What to produce:
Beginning with the first line, transcribe the entries below exactly through the line containing "Residenz La Mora 06 - foto 16", inclusive.

-- Input follows --

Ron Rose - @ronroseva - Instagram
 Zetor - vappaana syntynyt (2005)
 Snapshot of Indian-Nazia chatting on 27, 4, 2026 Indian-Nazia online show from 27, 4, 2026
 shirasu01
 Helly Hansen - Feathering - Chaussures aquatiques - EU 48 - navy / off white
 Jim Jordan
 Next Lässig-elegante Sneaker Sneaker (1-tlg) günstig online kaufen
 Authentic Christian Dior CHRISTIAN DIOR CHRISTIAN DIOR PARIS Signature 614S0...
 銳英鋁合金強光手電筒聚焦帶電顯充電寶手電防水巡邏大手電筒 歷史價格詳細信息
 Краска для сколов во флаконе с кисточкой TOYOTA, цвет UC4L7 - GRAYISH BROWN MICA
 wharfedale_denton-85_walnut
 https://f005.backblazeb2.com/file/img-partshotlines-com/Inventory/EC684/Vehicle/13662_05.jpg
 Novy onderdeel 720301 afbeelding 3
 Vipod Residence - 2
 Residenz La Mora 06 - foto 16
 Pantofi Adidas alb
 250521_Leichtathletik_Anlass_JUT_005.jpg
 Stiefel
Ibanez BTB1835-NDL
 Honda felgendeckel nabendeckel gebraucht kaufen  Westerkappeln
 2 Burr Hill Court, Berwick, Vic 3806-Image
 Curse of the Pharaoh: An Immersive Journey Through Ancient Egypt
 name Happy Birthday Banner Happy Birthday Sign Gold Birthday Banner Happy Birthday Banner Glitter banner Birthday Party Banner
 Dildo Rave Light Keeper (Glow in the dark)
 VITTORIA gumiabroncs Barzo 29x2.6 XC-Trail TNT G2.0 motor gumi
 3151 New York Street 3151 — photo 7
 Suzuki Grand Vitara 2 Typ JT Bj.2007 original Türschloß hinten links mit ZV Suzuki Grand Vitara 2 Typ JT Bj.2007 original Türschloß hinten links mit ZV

-- Input concluded --

Solution for this exercise:
Ron Rose - @ronroseva - Instagram
 Zetor - vappaana syntynyt (2005)
 Snapshot of Indian-Nazia chatting on 27, 4, 2026 Indian-Nazia online show from 27, 4, 2026
 shirasu01
 Helly Hansen - Feathering - Chaussures aquatiques - EU 48 - navy / off white
 Jim Jordan
 Next Lässig-elegante Sneaker Sneaker (1-tlg) günstig online kaufen
 Authentic Christian Dior CHRISTIAN DIOR CHRISTIAN DIOR PARIS Signature 614S0...
 銳英鋁合金強光手電筒聚焦帶電顯充電寶手電防水巡邏大手電筒 歷史價格詳細信息
 Краска для сколов во флаконе с кисточкой TOYOTA, цвет UC4L7 - GRAYISH BROWN MICA
 wharfedale_denton-85_walnut
 https://f005.backblazeb2.com/file/img-partshotlines-com/Inventory/EC684/Vehicle/13662_05.jpg
 Novy onderdeel 720301 afbeelding 3
 Vipod Residence - 2
 Residenz La Mora 06 - foto 16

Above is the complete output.